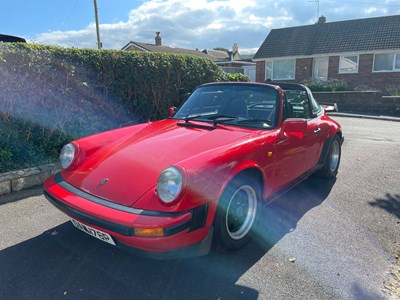 Lot 73 - 1976 Porsche 911 Targa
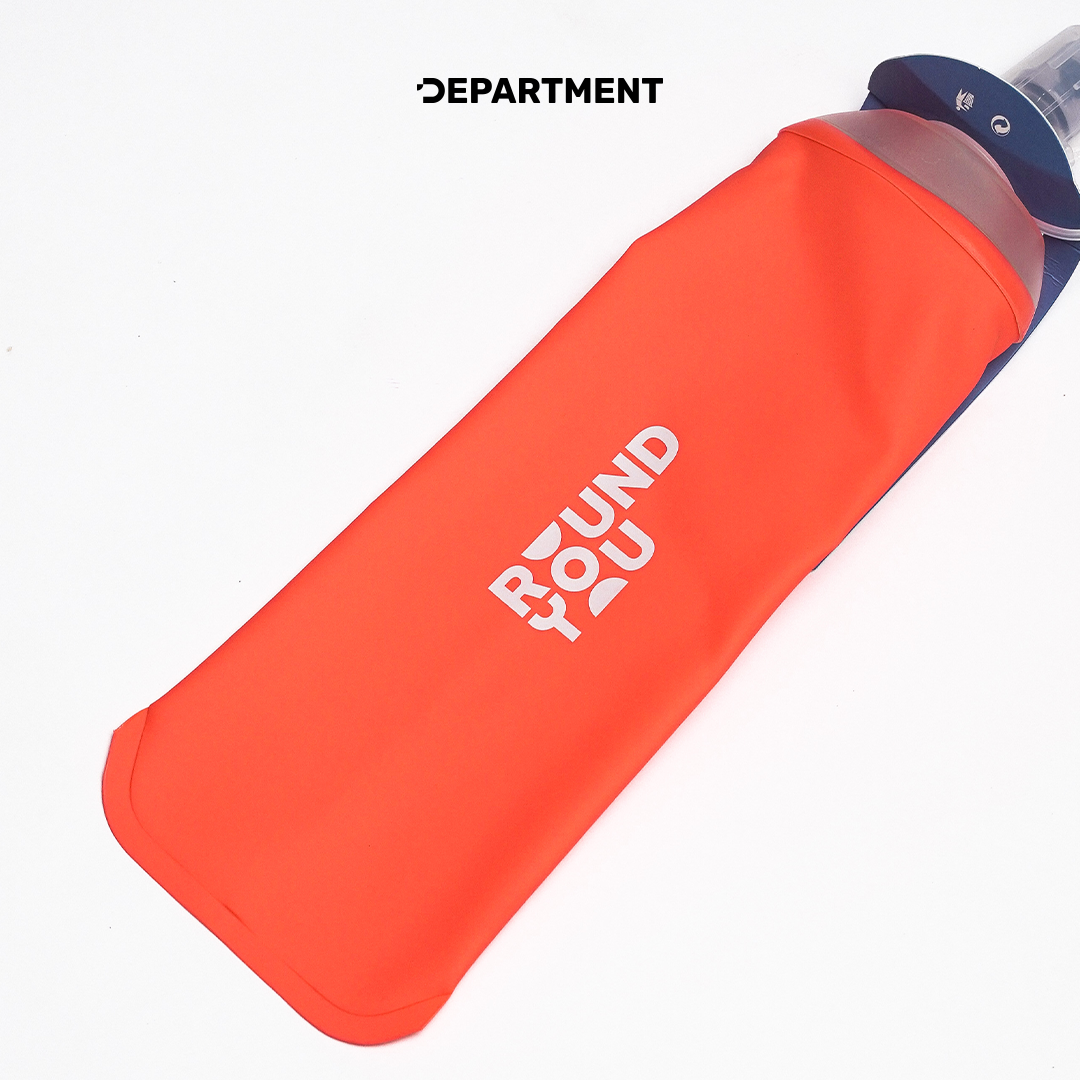 ROUND YOU SOFT FLASK RUNNING 500ML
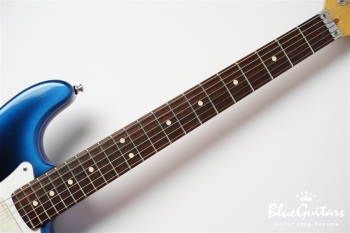 Strat Plus - Blue Pearl Burst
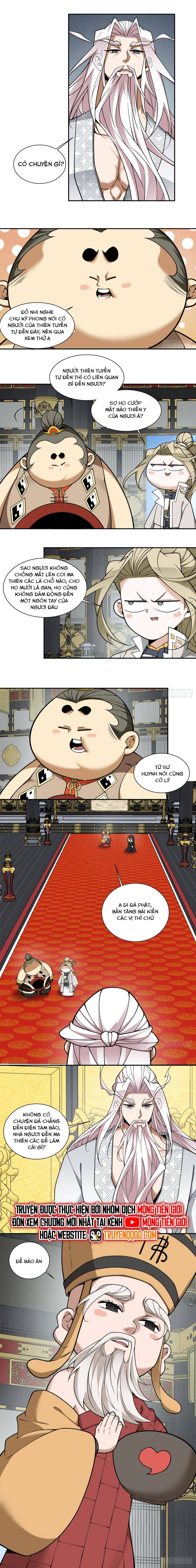 Đồ Đệ Của Ta Đều Là Đại Phản Phái Chapter 366 - Trang 2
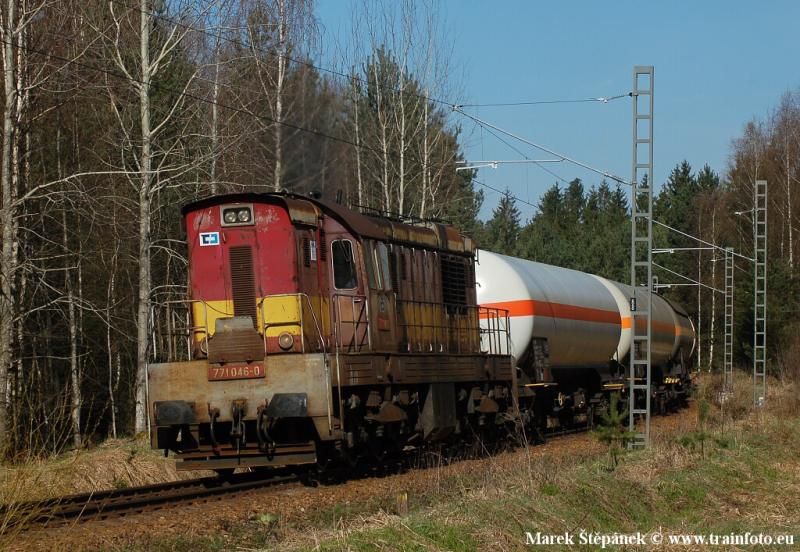 771.046, esk Velenice, 22.4.2010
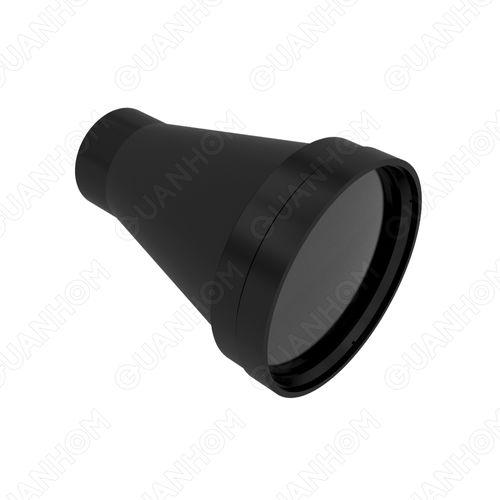 Инфракрасный объектив для камеры - GLA12512KD - Quanhom Technology Co., LTD - в целях обеспечения безопасности / машинного зрения / компактный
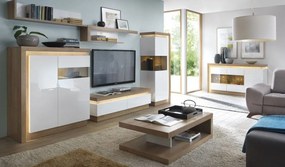 Μπουφές Lynx 3D-Fusiko-Leuko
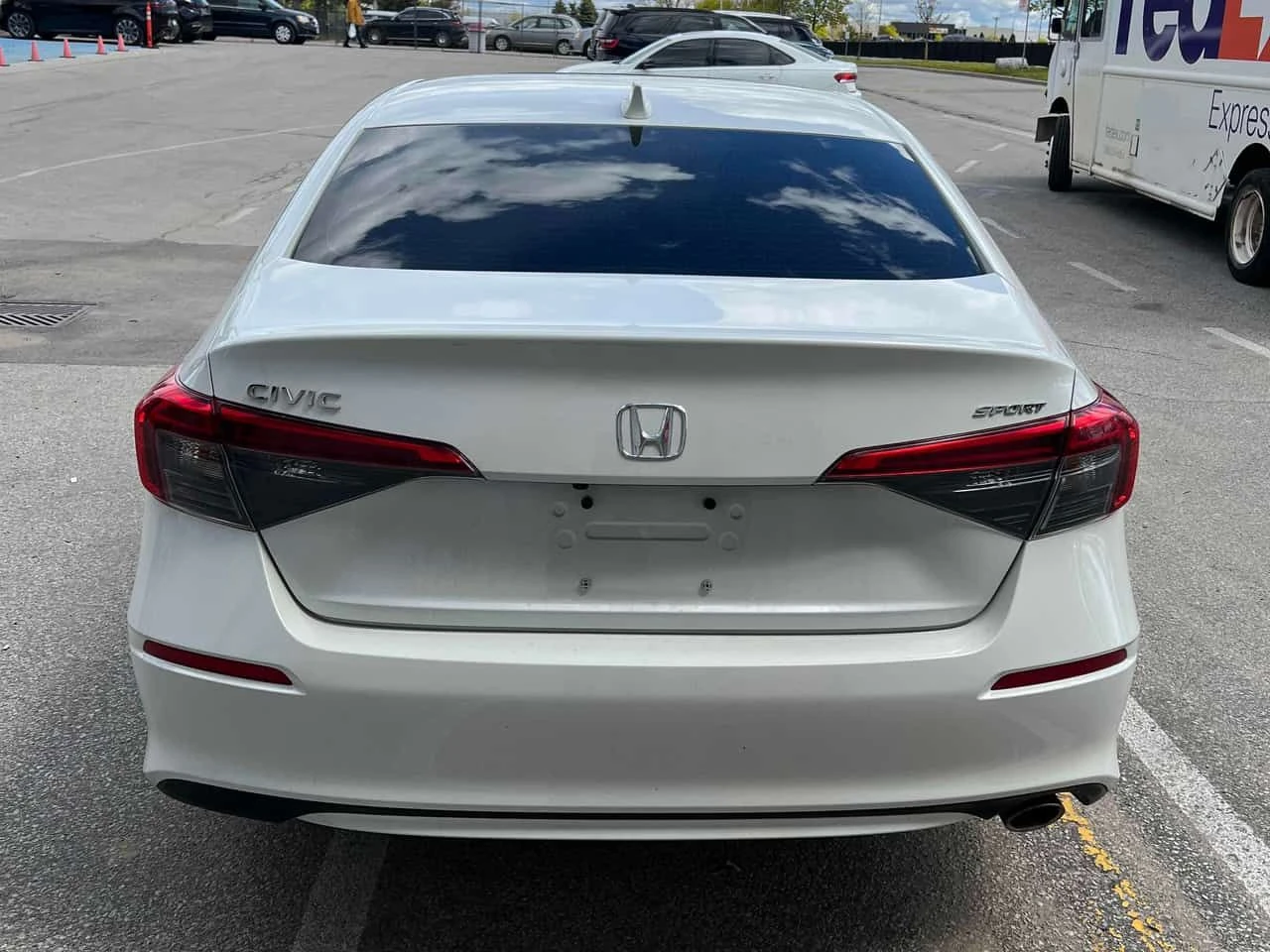 Honda Civic | Sport | ������� | ������� | CARFAX |  | Mobile.bg � ����������� 4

══════════════════════════════

### EXERCISE REQUIREMENTS
The records are to be retyped in full and exactly, with no image carried over.

### TASK RESPONSE
 Lot 73 - 1976 Porsche 911 Targa
 ROUND YOU SOFT FLASK RUNNING 500ML
 Strat Plus - Blue Pearl Burst
 Đồ Đệ Của Ta Đều Là Đại Phản Phái Chapter 366 - Trang 2
 771.046, esk Velenice, 22.4.2010
 Инфракрасный объектив для камеры - GLA12512KD - Quanhom Technology Co., LTD - в целях обеспечения безопасности / машинного зрения / компактный
 Μπουφές Lynx 3D-Fusiko-Leuko
 Honda Civic | Sport | ������� | ������� | CARFAX |  | Mobile.bg � ����������� 4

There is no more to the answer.